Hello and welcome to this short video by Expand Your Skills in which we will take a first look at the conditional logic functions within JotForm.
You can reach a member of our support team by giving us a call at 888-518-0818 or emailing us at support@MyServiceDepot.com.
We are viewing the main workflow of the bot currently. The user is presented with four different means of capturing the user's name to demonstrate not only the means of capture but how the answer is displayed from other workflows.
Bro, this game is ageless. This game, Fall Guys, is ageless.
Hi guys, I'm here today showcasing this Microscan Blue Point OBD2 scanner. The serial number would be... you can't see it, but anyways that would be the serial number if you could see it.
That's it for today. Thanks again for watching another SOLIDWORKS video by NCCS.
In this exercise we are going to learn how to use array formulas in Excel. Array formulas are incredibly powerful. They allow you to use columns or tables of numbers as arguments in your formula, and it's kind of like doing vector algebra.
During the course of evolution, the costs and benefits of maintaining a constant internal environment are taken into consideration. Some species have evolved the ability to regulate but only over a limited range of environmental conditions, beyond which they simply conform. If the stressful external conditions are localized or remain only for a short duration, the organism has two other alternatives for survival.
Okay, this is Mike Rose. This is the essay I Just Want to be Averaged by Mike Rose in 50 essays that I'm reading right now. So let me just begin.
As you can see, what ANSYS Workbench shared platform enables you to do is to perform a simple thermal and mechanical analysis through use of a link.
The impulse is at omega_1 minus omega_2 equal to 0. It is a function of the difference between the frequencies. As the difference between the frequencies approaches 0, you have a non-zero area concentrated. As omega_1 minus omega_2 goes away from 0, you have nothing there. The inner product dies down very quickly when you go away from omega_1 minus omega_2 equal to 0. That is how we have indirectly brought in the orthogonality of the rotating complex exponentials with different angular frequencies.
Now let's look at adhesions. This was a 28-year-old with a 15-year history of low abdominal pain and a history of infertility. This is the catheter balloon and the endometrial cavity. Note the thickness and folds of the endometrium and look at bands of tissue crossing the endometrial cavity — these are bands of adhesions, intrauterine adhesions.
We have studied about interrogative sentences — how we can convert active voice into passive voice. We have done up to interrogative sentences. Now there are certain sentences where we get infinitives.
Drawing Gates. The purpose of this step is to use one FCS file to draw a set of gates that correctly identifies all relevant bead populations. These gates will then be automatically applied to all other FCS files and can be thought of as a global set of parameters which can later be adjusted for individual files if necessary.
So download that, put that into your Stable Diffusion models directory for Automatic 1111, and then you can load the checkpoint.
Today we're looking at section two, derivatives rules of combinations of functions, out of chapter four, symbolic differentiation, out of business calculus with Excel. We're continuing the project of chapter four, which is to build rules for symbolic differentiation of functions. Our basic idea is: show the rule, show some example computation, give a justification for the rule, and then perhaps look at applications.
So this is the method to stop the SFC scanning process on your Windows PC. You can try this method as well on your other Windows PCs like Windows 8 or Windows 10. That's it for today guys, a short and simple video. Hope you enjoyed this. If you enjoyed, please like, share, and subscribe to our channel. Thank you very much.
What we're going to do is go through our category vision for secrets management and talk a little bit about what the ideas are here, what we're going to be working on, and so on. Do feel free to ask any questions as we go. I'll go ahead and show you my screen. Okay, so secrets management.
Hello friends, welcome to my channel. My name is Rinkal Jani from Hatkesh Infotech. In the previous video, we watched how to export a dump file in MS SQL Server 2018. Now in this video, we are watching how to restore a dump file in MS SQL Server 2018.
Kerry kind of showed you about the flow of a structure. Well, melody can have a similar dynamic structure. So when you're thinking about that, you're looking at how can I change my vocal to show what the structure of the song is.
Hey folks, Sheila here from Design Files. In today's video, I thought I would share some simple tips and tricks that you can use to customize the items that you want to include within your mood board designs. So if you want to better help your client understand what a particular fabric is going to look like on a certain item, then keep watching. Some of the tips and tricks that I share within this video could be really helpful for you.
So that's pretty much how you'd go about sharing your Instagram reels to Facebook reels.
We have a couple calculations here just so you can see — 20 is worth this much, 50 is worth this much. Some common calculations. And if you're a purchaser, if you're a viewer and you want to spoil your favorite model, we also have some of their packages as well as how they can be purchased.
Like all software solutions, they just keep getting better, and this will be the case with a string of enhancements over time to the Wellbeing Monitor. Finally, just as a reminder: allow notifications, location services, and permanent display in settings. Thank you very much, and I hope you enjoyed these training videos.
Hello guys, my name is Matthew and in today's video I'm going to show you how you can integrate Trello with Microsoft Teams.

Task statement:
Copy the entries above exactly, leaving none out.

Result for this exercise:
Hello and welcome to this short video by Expand Your Skills in which we will take a first look at the conditional logic functions within JotForm.
You can reach a member of our support team by giving us a call at 888-518-0818 or emailing us at support@MyServiceDepot.com.
We are viewing the main workflow of the bot currently. The user is presented with four different means of capturing the user's name to demonstrate not only the means of capture but how the answer is displayed from other workflows.
Bro, this game is ageless. This game, Fall Guys, is ageless.
Hi guys, I'm here today showcasing this Microscan Blue Point OBD2 scanner. The serial number would be... you can't see it, but anyways that would be the serial number if you could see it.
That's it for today. Thanks again for watching another SOLIDWORKS video by NCCS.
In this exercise we are going to learn how to use array formulas in Excel. Array formulas are incredibly powerful. They allow you to use columns or tables of numbers as arguments in your formula, and it's kind of like doing vector algebra.
During the course of evolution, the costs and benefits of maintaining a constant internal environment are taken into consideration. Some species have evolved the ability to regulate but only over a limited range of environmental conditions, beyond which they simply conform. If the stressful external conditions are localized or remain only for a short duration, the organism has two other alternatives for survival.
Okay, this is Mike Rose. This is the essay I Just Want to be Averaged by Mike Rose in 50 essays that I'm reading right now. So let me just begin.
As you can see, what ANSYS Workbench shared platform enables you to do is to perform a simple thermal and mechanical analysis through use of a link.
The impulse is at omega_1 minus omega_2 equal to 0. It is a function of the difference between the frequencies. As the difference between the frequencies approaches 0, you have a non-zero area concentrated. As omega_1 minus omega_2 goes away from 0, you have nothing there. The inner product dies down very quickly when you go away from omega_1 minus omega_2 equal to 0. That is how we have indirectly brought in the orthogonality of the rotating complex exponentials with different angular frequencies.
Now let's look at adhesions. This was a 28-year-old with a 15-year history of low abdominal pain and a history of infertility. This is the catheter balloon and the endometrial cavity. Note the thickness and folds of the endometrium and look at bands of tissue crossing the endometrial cavity — these are bands of adhesions, intrauterine adhesions.
We have studied about interrogative sentences — how we can convert active voice into passive voice. We have done up to interrogative sentences. Now there are certain sentences where we get infinitives.
Drawing Gates. The purpose of this step is to use one FCS file to draw a set of gates that correctly identifies all relevant bead populations. These gates will then be automatically applied to all other FCS files and can be thought of as a global set of parameters which can later be adjusted for individual files if necessary.
So download that, put that into your Stable Diffusion models directory for Automatic 1111, and then you can load the checkpoint.
Today we're looking at section two, derivatives rules of combinations of functions, out of chapter four, symbolic differentiation, out of business calculus with Excel. We're continuing the project of chapter four, which is to build rules for symbolic differentiation of functions. Our basic idea is: show the rule, show some example computation, give a justification for the rule, and then perhaps look at applications.
So this is the method to stop the SFC scanning process on your Windows PC. You can try this method as well on your other Windows PCs like Windows 8 or Windows 10. That's it for today guys, a short and simple video. Hope you enjoyed this. If you enjoyed, please like, share, and subscribe to our channel. Thank you very much.
What we're going to do is go through our category vision for secrets management and talk a little bit about what the ideas are here, what we're going to be working on, and so on. Do feel free to ask any questions as we go. I'll go ahead and show you my screen. Okay, so secrets management.
Hello friends, welcome to my channel. My name is Rinkal Jani from Hatkesh Infotech. In the previous video, we watched how to export a dump file in MS SQL Server 2018. Now in this video, we are watching how to restore a dump file in MS SQL Server 2018.
Kerry kind of showed you about the flow of a structure. Well, melody can have a similar dynamic structure. So when you're thinking about that, you're looking at how can I change my vocal to show what the structure of the song is.
Hey folks, Sheila here from Design Files. In today's video, I thought I would share some simple tips and tricks that you can use to customize the items that you want to include within your mood board designs. So if you want to better help your client understand what a particular fabric is going to look like on a certain item, then keep watching. Some of the tips and tricks that I share within this video could be really helpful for you.
So that's pretty much how you'd go about sharing your Instagram reels to Facebook reels.
We have a couple calculations here just so you can see — 20 is worth this much, 50 is worth this much. Some common calculations. And if you're a purchaser, if you're a viewer and you want to spoil your favorite model, we also have some of their packages as well as how they can be purchased.
Like all software solutions, they just keep getting better, and this will be the case with a string of enhancements over time to the Wellbeing Monitor. Finally, just as a reminder: allow notifications, location services, and permanent display in settings. Thank you very much, and I hope you enjoyed these training videos.
Hello guys, my name is Matthew and in today's video I'm going to show you how you can integrate Trello with Microsoft Teams.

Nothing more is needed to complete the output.